◆ **Problem requirements**: Reproduce, word for word, the lines in the material below starting with the one that has "Embout de cardan" and going on through the one that has "Polia Virabrequim L200". Leave out all pictures.

[[ Extracted entries open ]]

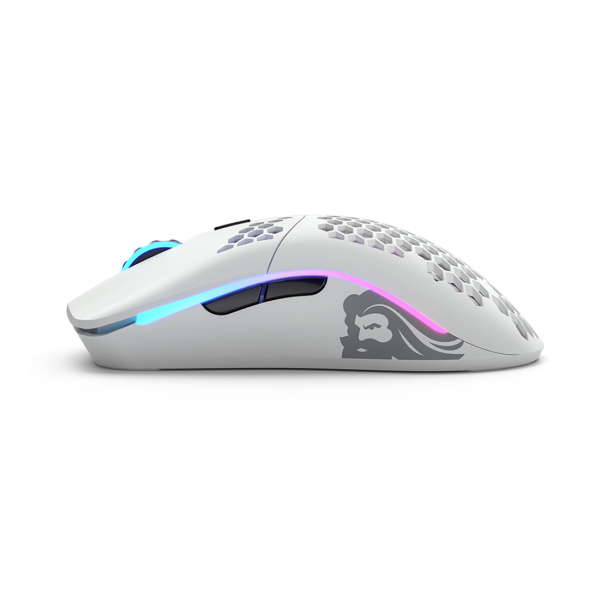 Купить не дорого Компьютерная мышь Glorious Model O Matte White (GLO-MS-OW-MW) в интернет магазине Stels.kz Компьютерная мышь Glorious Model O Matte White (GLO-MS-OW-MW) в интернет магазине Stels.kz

[[ Extracted entries closed ]]
[[ Extracted entries open ]]

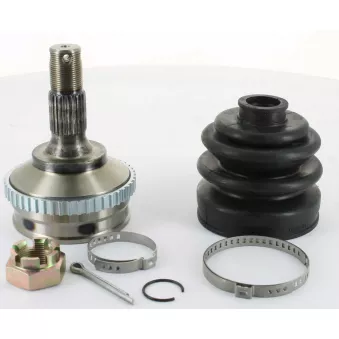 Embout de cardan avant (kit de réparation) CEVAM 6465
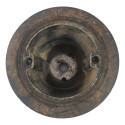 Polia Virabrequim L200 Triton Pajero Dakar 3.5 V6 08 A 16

[[ Extracted entries closed ]]

◆ **Problem solution**:
 Embout de cardan avant (kit de réparation) CEVAM 6465
 Polia Virabrequim L200 Triton Pajero Dakar 3.5 V6 08 A 16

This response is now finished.